▶ Task details
Print, from the listing below, the lines starting at the line containing "Quiksilver Serenity Splash" and ending at the line containing "Produktbild von BMUT", exactly as they stand, and print nothing else.
════════
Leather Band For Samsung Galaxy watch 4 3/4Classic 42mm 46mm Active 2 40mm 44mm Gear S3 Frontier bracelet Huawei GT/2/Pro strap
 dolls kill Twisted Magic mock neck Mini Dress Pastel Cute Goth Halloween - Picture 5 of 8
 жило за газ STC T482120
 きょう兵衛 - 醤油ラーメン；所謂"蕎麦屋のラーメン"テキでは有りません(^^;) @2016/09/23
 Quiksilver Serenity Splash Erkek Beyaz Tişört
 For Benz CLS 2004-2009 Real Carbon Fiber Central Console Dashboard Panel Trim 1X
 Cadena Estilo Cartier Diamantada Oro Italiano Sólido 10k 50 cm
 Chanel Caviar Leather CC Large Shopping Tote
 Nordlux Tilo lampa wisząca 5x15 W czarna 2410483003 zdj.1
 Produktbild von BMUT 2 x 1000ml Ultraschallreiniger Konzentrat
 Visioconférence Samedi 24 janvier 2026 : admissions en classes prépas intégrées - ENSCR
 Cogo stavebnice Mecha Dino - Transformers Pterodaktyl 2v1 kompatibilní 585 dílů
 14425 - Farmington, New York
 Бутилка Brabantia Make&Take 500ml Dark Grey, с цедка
════════
▶ Answer for this exercise
 Quiksilver Serenity Splash Erkek Beyaz Tişört
 For Benz CLS 2004-2009 Real Carbon Fiber Central Console Dashboard Panel Trim 1X
 Cadena Estilo Cartier Diamantada Oro Italiano Sólido 10k 50 cm
 Chanel Caviar Leather CC Large Shopping Tote
 Nordlux Tilo lampa wisząca 5x15 W czarna 2410483003 zdj.1
 Produktbild von BMUT 2 x 1000ml Ultraschallreiniger Konzentrat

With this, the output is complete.